With the data structures as given, you'd have to repeatedly iterate through the items in your second list of dictionaries, which is relatively inefficient. All you care about is whether a given phone number already exists in the second list of dictionaries. The most efficient data structure for repeatedly testing whether or not a given value is present is a set
(or a dict
if you might need to index from phone numbers back to further information).
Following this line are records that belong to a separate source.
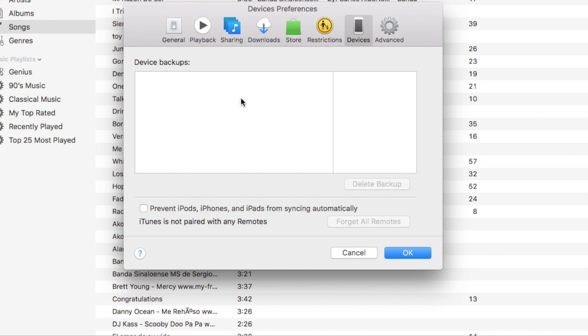Now if you have never deleted your backups you might have backups from maybe three, four years ago that you're never going to use. In case that you need to restore your device, iTunes will choose the latest backup. It will never choose a backup that is old or has been there for months. It will always choose the latest. So in this case you should delete the old ones and leave the most recent one.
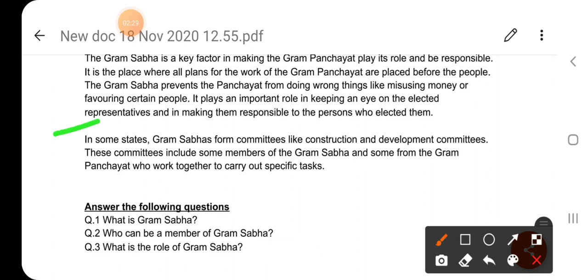In some states, Gram Sabha forms committees like construction and development committees. These committees include some members of the Gram Sabha and some from the Gram Panchayat, who work together to carry out specific tasks. कुछ राज्यों में Gram Sabha निर्माण और विकास समितियाँ बनाती है। इन समितियों में Gram Sabha और Gram Panchayat के कुछ सदस्य शामिल होते हैं जो विशिष्ट कार्यों को मिलकर करते हैं।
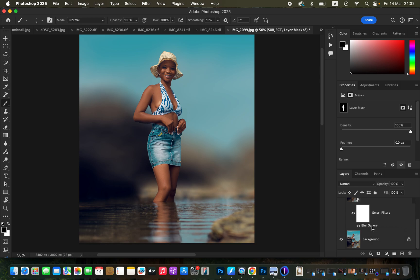This is how you can simply blur the background of your photos in Photoshop. If you enjoyed this video, don't forget to like and subscribe. This is Ronix from Ronix Photography — thank you, see you in more videos on this channel, and don't forget to keep practicing and keep creating.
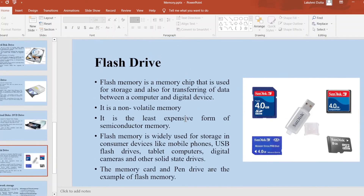Flash memory is a memory chip used to store and transfer data between a computer and digital devices. It is a non-volatile memory. It is the least expensive compared to semiconductor memory. Some examples of flash drives are memory cards and pen drives.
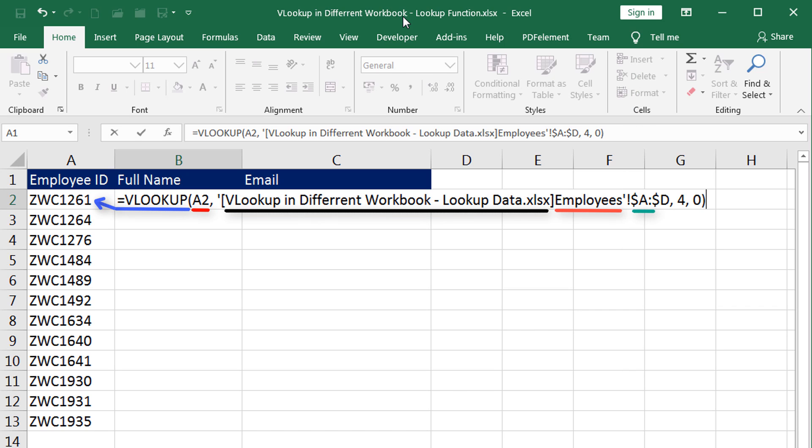Then we have the references of the columns from column A to column D. Then if the value is found in the first column, we want Excel to return the fourth column value. That's why we have mentioned four in the column index value. Finally, we ended with zero. That is, we want Excel to return exact match. That's the reason we have mentioned zero there.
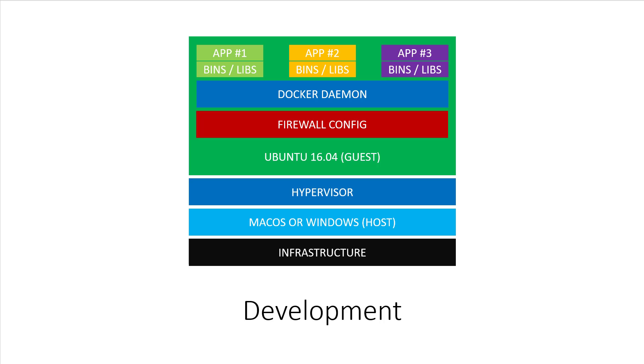It's probably no surprise to you by now that they are very compatible. Remember this slide from a few minutes ago? It demonstrated running Docker inside of a virtual machine.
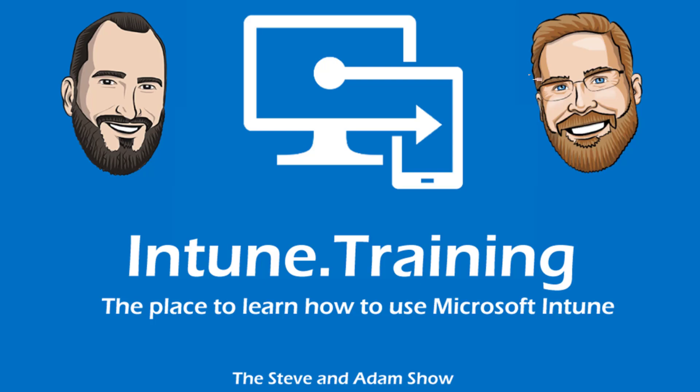Hello, and welcome to another episode of Intune.training, a place to learn how to use Microsoft Intune. The Steve and Adam Show. Steve, Ben, Jake, the gang's all here. How's it going, guys? It's going good.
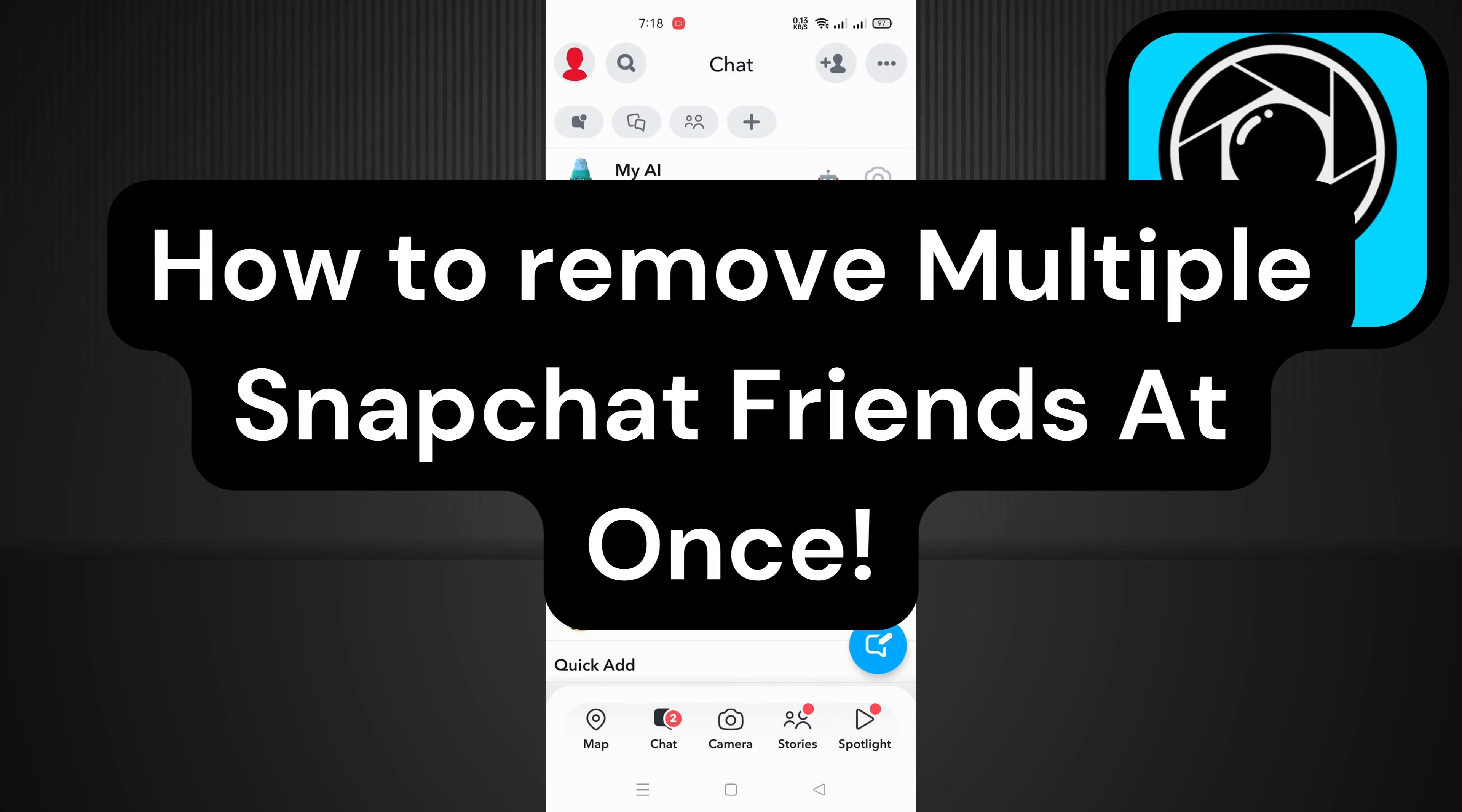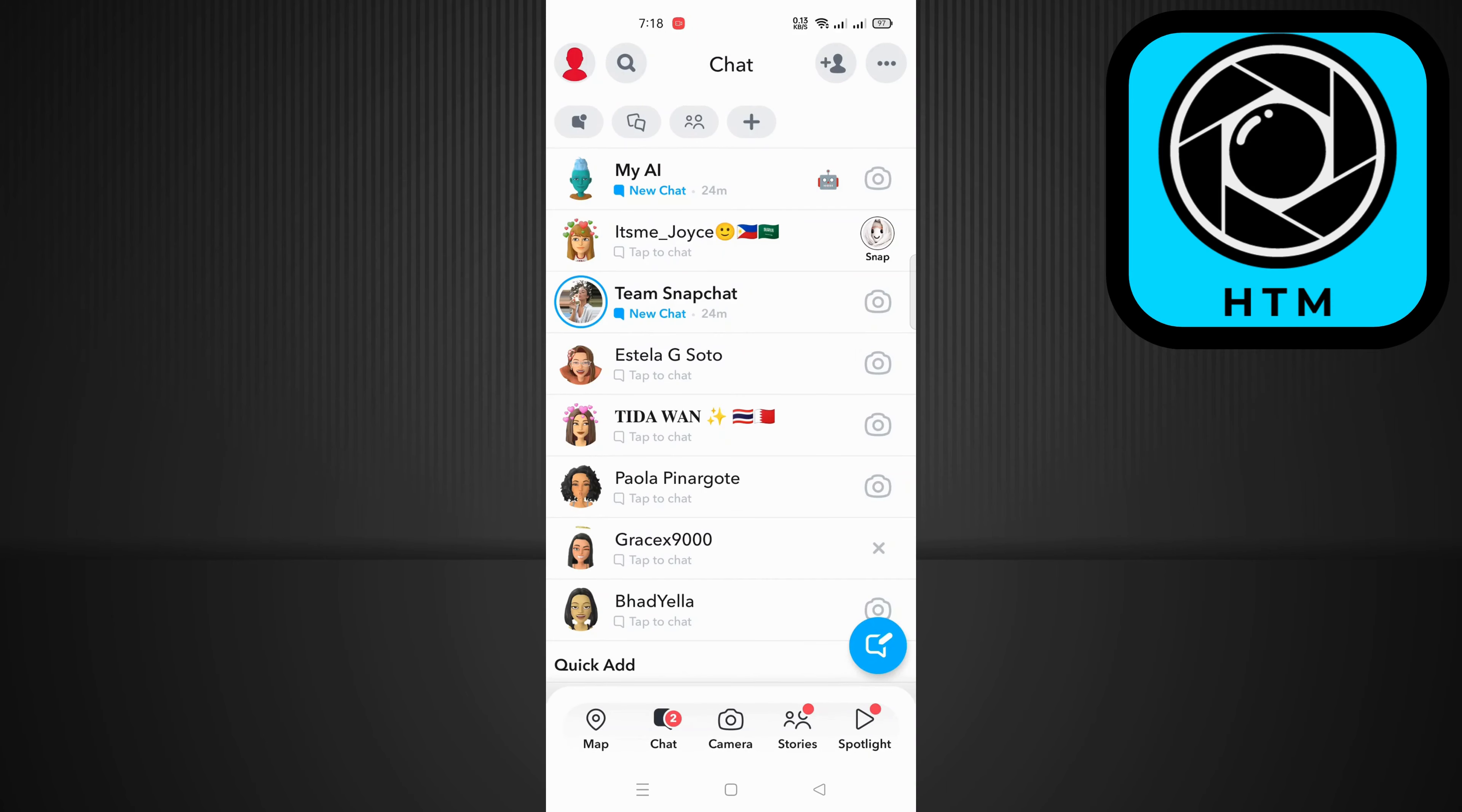How to remove multiple Snapchat friends at once. First things first, let's address the elephant in the room. Unfortunately, as of now, Snapchat doesn't provide a built-in feature to delete all your friends in one go. You're stuck with the tedious task of deleting them individually.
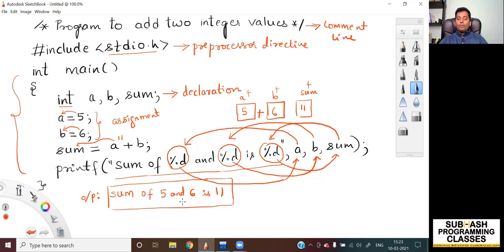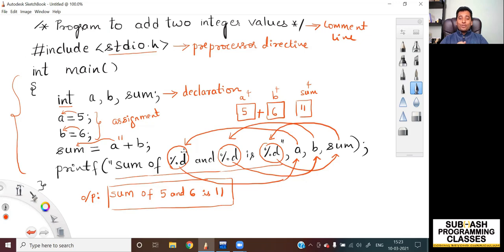I think you now understand how to write a simple C program to add two integer values. In the next lesson, I'm going to show you how to write a C program to add two floating-point numbers, so you'll know how to use other format specifiers with float values. Hope you enjoyed and learned something new. If you liked this lesson, please like this video, subscribe to my channel, and click the bell icon so you don't miss upcoming lessons. Take care, bye bye, love you all!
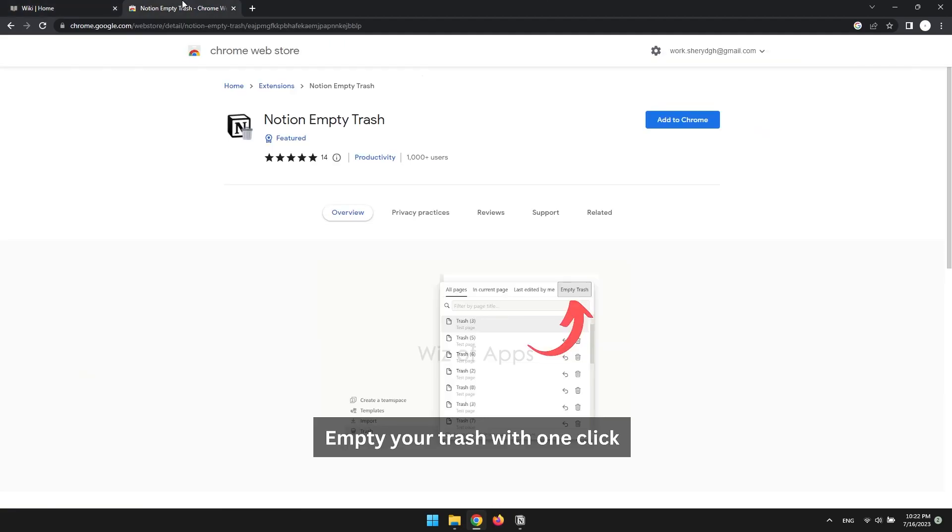Go ahead and Google Notion Empty Trash, and it should come first in your search results. Install it like any other extension.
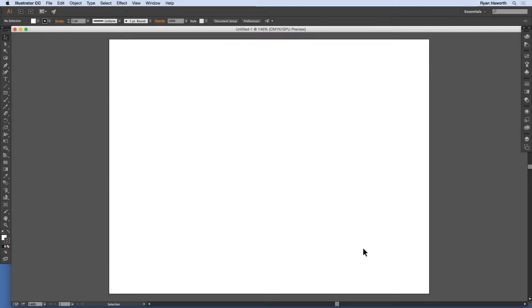This is Ryan. Welcome back to my Illustrator basics course. This is lesson 8.1 on using templates. Templates are pretty cool in Adobe Illustrator — they will allow you to open a preset size artboard with art already laid into place wherever you need it. I'm going to show you a few examples. These are the default examples.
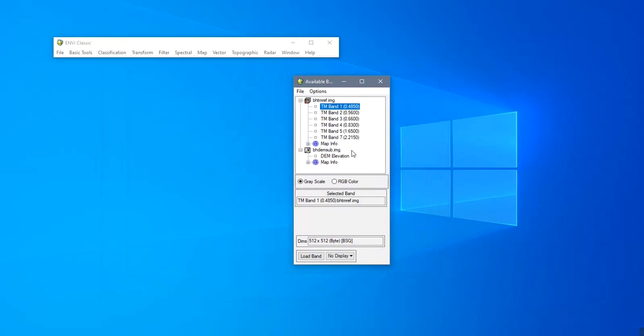View the RGB Ternary Components by clicking on RGB Color.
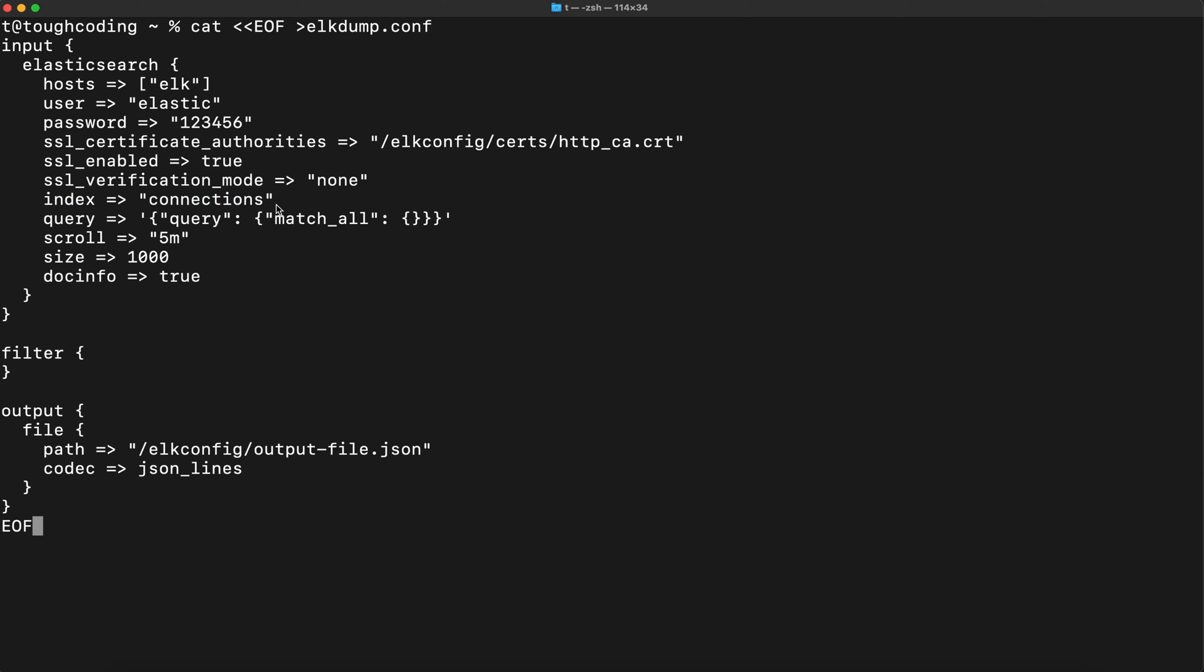Index is connections because this is the index you want to pull. Query match all, scroll mode, and no filtering. Output as JSON file.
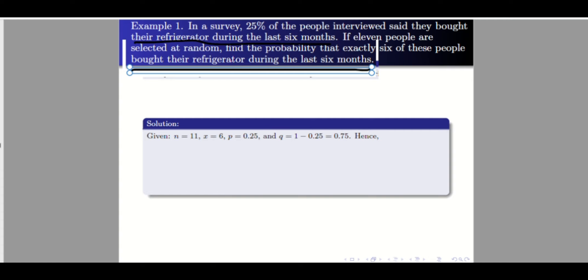We need to find the probability that out of these 11 randomly selected people, exactly six bought their refrigerator during the last six months. The success here refers to those people who bought their refrigerator during the last six months, so x equals 6. From the first sentence, 25% of the people bought their refrigerator — this talks about success, so the probability of success p is 25%.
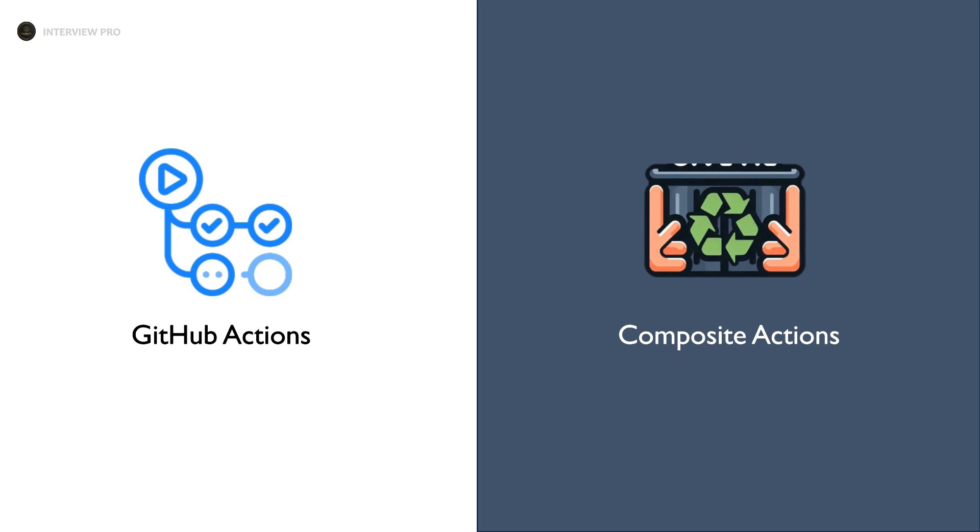Hi everyone, welcome to InterviewPro. We have covered the basic concepts of GitHub Actions and now it's time to dive into more advanced concepts.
So I would do this as the following:
a = [a1, a2, a3]
b = [b1, b2, b3]
a_phone_numbers_set = set(d['phone'] for d in a])
b_phone_numbers_set = set(d['phone'] for d in b])
result_A_minus_B = [d for d in a if d['phone'] not in b_phone_numbers_set]
result_B_minus_A = [d for d in b if d['phone'] not in a_phone_numbers_set]
Or, if I wanted to create a function:
def unmatched_entries(list1, list2):
existing_entries = set(d['phone'] for d in list2)
return [d for d in list1 if d['phone'] not in existing_entries]
Optionally, you could use an arbitrary key:
def unmatched_entries(list1, list2, matching_key):
existing_entries = set(d[matching_key] for d in list2 if matching_key in d)
return [d for d in list1 if matching_key in d and d[matching_key] not in existing_entries]
That version always skips entries from list1 that don't define the requested key - other behavior is possible.
To match on multiple keys as alluded to by a briefly appearing comment, I would use a set of tuples of the values:
a_match_elements = set((d['phone'], d['email']) for d in a])
result_B_minus_a = [d for d in b if (d['phone'], d['email']) not in a_match_elements]
Again, this could be generalized to handle a sequence of keys.